(DATA)

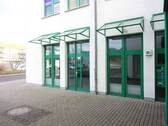 Bild 5 - Büro in Bitterfeld-Wolfen zur Miete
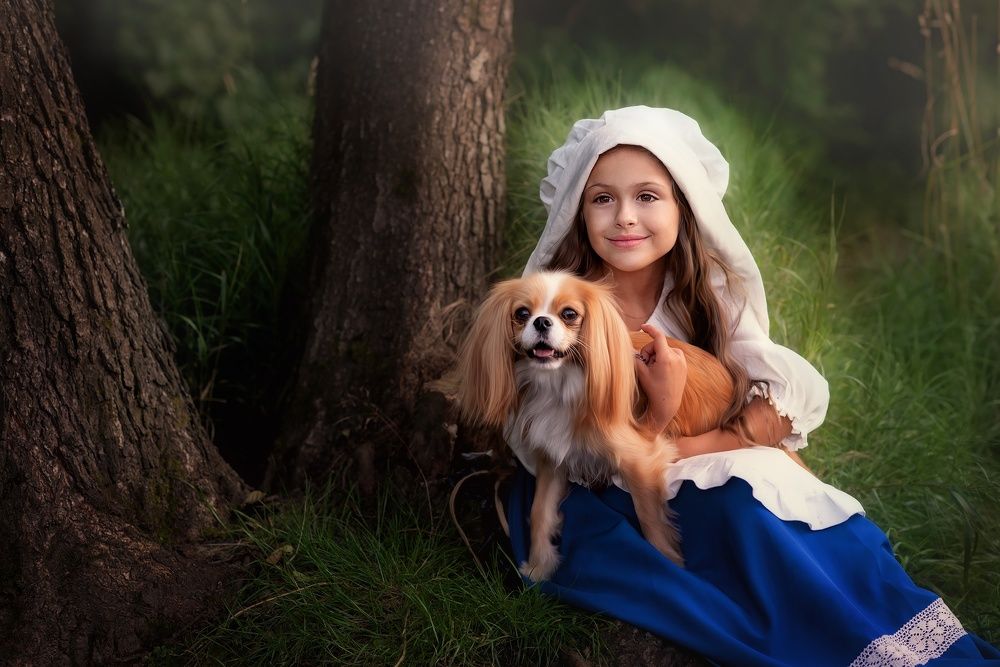 Photograph by Марина Тувиста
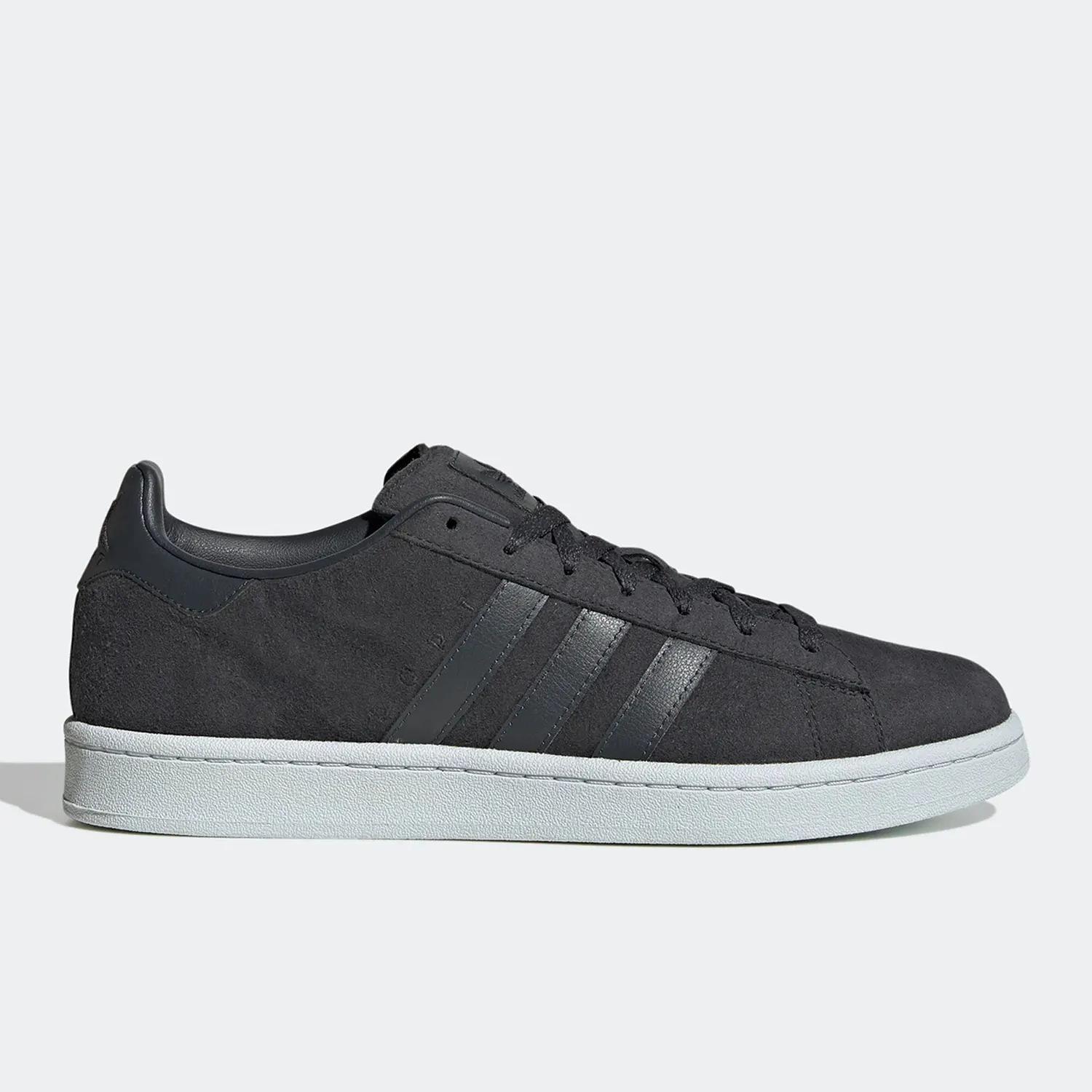 

Легкие и дышащие кроссовки унисекс Adidas Originals Campus HQ8875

(End DATA)

Please reprint the whole listing exactly and omit its pictures.

 Bild 5 - Büro in Bitterfeld-Wolfen zur Miete
 Photograph by Марина Тувиста

Легкие и дышащие кроссовки унисекс Adidas Originals Campus HQ8875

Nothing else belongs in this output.